After meeting Maulana Shaheb, we visited the places where the excited and enthusiastic marchers from all over the country had gathered. Mintu Bhai talked to the marchers and enquired about their feelings and sentiments in respect of the ensuing march. I could sense the highest degree of patriotism of Mintu Bhai.
The Bangladesh Times team was the biggest among the local and foreign media teams to cover the long march. Apparently, this was because of the importance that Mintu Bhai, as the editor, had attached to the Farakka Long March -- a historic event that drew international attention.
As planned by Mintu Bhai, the Bangladesh Times team left Rajshahi next morning for a visit to the Bangladesh-India border areas. The next day's edition of the Bangladesh Times carried on the front page an exclusive news item titled "India amasses troops along border," the envy of all other local and foreign media representatives who had gathered at Rajshahi to cover the Long March, but apparently did not conceive the idea of printing such a news item.
Though Mintu Bhai was the editor of the Bangladesh Times, his feelings and magnanimity were not limited to the Times staffers only. In fact, he had strong feelings and sentiments for the journalist community as a whole. This was duly demonstrated when, learning that no transport was available for the Dainik Bangla staffers, Mintu Bhai urged me to let them share the jeep earmarked for the Times team.
Mintu Bhai and the Times team had covered the march and returned to Rajshahi Circuit House in the evening. After having a cup of tea, Mintu Bhai told me: "Shahed, go to Atiq (Atiqul Alam of BBC) and tell him that I have requested him to give me his typewriter." I complied with his request and so did Mr. Atiqul Alam. After finishing with the typewriter, Mr. Atiq offered it to Mintu Bhai, who told me: "You people write your stories and come back to me before you go to the telegram office to file them."
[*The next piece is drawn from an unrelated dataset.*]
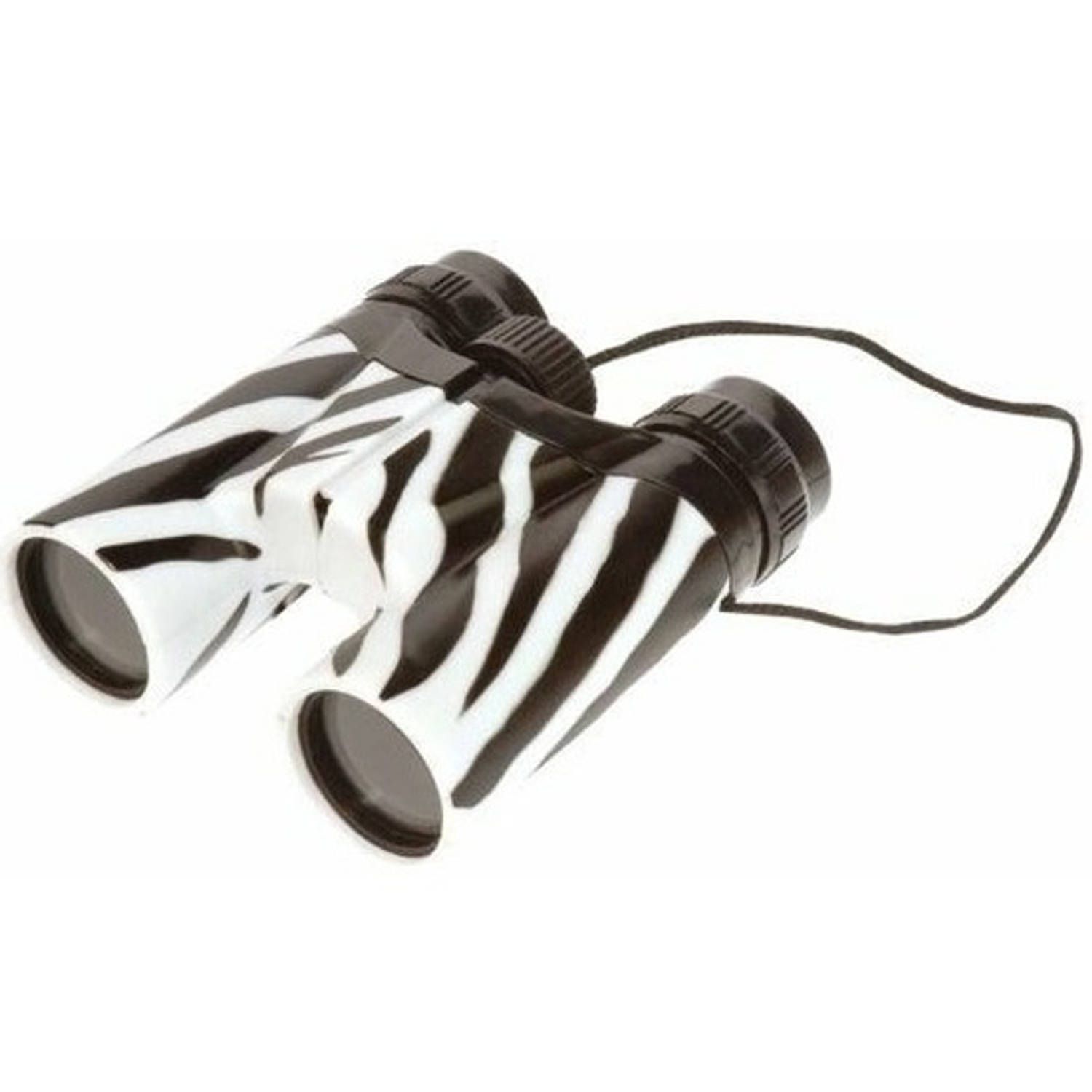 Wild Republic Verrekijker Zebra Junior 12 Cm Wit/zwart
Next morning, I bought several copies of the Times and gave a copy to Mintu Bhai. While going through his write-up, Mintu Bhai occasionally uttered "uooh" which, I was later told by him, was to express his annoyance for replacement of words in his write-up. The Bangladesh Times Dhaka office used the wrong words apparently because of typing (telegraphic) errors. What amazed me was his sharp memory, remembering the words he had used in his write-up.
When I read Mintu Bhai's write-up titled "Palassey to signal victory this time," I was overwhelmed to discover the depth of his knowledge, his ability to conceive ideas as well as his flair in writing. I wondered how, in about an hour and a half, he could conceive ideas and the context and produce the masterpiece write-up, which would have taken some writers hours or even days to write. I would like to retain this image of him as long as I live -- a brilliant Mintu Bhai producing a masterpiece write-up in no time.
Mintu Bhai had been true to his words "The Holiday. Because life isn't," which appear on the front page of the Holiday. In reality, he did not have a holiday; he kept on writing even from his sick-bed in Canada.
Mintu Bhai, writing about you has been a great honour for me. May your soul rest in peace.

Md. Shaheduzzaman is General Manager, IRAM Motor Co. Ltd.